For my own purposes, I am considering writing classes to represent PMFs and CDFs using Pandas Series as the implementation, and an API similar to what I did in the thinkstats2 library (but made more stylistically consistent with Pandas).

Has there been any discussion of adding something like this to Pandas? If I develop it, would you be interested in seeing a proposal to include it? (I ask now because it might influence some design decisions if I am targeting inclusion in Pandas).

Comment From: TomAugspurger

I suspect it would be out of scope for pandas, since it's pretty stats-specific.

(aside: statsmodels has an empirical CDF implementation at http://www.statsmodels.org/dev/generated/statsmodels.distributions.empirical_distribution.ECDF.html.
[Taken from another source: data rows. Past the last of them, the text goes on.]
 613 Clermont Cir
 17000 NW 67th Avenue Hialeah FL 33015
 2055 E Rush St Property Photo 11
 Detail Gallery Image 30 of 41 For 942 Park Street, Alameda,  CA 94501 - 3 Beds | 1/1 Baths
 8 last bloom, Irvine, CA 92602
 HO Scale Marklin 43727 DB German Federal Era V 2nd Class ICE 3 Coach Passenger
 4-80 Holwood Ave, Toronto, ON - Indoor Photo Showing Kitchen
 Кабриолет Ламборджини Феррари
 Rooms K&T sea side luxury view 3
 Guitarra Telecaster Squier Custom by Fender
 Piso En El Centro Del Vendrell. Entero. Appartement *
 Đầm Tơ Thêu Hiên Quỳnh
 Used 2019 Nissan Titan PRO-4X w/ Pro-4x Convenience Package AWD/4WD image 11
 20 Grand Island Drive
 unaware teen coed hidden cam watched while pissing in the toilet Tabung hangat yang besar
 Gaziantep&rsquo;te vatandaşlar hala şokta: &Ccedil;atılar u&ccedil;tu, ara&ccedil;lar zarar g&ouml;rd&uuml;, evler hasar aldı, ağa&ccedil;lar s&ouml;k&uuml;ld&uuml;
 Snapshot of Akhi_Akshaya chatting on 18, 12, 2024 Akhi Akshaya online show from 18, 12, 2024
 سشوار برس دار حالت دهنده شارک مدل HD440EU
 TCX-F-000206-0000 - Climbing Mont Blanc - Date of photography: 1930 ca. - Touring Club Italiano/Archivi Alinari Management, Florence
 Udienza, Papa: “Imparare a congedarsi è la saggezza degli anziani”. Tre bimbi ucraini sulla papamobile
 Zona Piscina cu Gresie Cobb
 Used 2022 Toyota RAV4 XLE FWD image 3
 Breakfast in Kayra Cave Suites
Not sure if that suites your needs or not).

Comment From: AllenDowney

Thanks for the quick reply, Tom. Understood.

The ECDF in StatsModels is along the lines of what I have in mind, but there are a few more methods I'd like to provide (like random sampling).

Comment From: chris-b1

see #14781, idea from xarray here - this feels like a usecase that might be well suited to that accessor idea instead of subclassing. Idea would be to be able to write something like

@pd.register_series_accessor('stat')
class StatAccessor:
    def custom_function1(...)
        pass


s = pd.Series([1,2,3,4])

s.stat.custom_function1(...)

I do agree with @TomAugspurger that this is probably out of scope for pandas to be built in

Comment From: jreback

closing. as indicated this is out-of-scope. We have removed all non-basic stats functionaility recently. This should be done in statsmodels or a pandas plug-in package (just came up with that!)